A Tale of Two Flamegraphs: Continuous Profiling in Ruby

by Ryan Perry

In the talk 'A Tale of Two Flamegraphs: Continuous Profiling in Ruby,' Ryan Perry provides an insightful exploration into continuous profiling in Ruby using the Pyroscope gem, which leverages features from rbspy and speedscope for performance analysis. He begins by defining flame graphs, illustrating how they represent the time spent in different parts of an application, ultimately revealing optimization opportunities. Key points discussed include:

Types of Profilers: Perry distinguishes between instrumented profilers, which instrument methods to capture execution time, and sampling profilers, which capture stack traces at regular intervals, providing a less accurate but broader view of application behavior.
Continuous Profiling: He explains how Pyroscope enhances profiling by continuously collecting data from ephemeral sessions without needing specific commands from the application, allowing retrospective queries akin to monitoring tools like Prometheus.
Pyroscope Features: Pyroscope organizes profiling data meaningfully through tagging and metadata, enabling developers to analyze specific functions or controllers. Its user interface is designed to present flame graphs and tabular data, offering insights into CPU usage and resource distribution across different operations.
Storage and Query Efficiency: The talk elaborates on challenges related to data storage and querying efficiencies, detailing methods like tree-like compression of stack traces to minimize space requirements, and aggregate data collection within defined time chunks to expedite query responses.
Real-World Examples: Perry presents practical scenarios, such as analyzing CPU usage across different routes in a rideshare application to identify performance bottlenecks and optimize resource allocation, and shares an anecdote about refining compression settings to enhance performance based on profiling insights.

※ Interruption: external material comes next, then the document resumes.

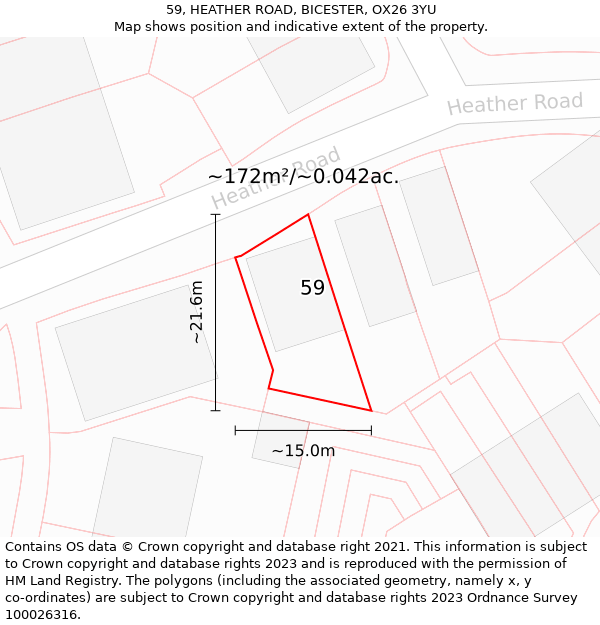 59, HEATHER ROAD, BICESTER, OX26 3YU: Plot and title map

In conclusion, continuous profiling with Pyroscope provides a powerful means for Ruby developers to understand application performance dynamics, address latency issues proactively, and produce significant performance improvements through data-driven decisions. Perry emphasizes that the insights gained from profiling can lead to substantial operational enhancements in software applications, particularly for high-stakes environments prone to performance fluctuations.

00:00:00.000 Ready for takeoff.

00:00:18.480 I guess we can go ahead and get started. Um, what's up, everybody?

00:00:23.580 Post-lunch, I will try to keep everybody awake, I guess.

00:00:29.039 Um, but yeah, what's going on everyone? I'm Ryan, and I am one of the maintainers of

00:00:34.079 a library called Pyroscope. Today, I'm going to talk about continuous profiling,

00:00:40.079 specifically about flame graphs in Ruby. I don't know if anyone happened to be

00:00:46.559 here last year at RubyConf. I believe her name was Jade Dickinson. She gave a talk about profiling and flame graphs.

00:00:52.320 It was really good, and that's kind of where I got the basis for this talk from.

00:00:57.660 I thought she did a really good job. However, when you're using flame graphs in certain ways,

00:01:04.559 it only tells part of the story. I believe that adding continuous profiling—as opposed to normal profiling,

00:01:10.439 which I will explain the difference of shortly—tells a more complete story.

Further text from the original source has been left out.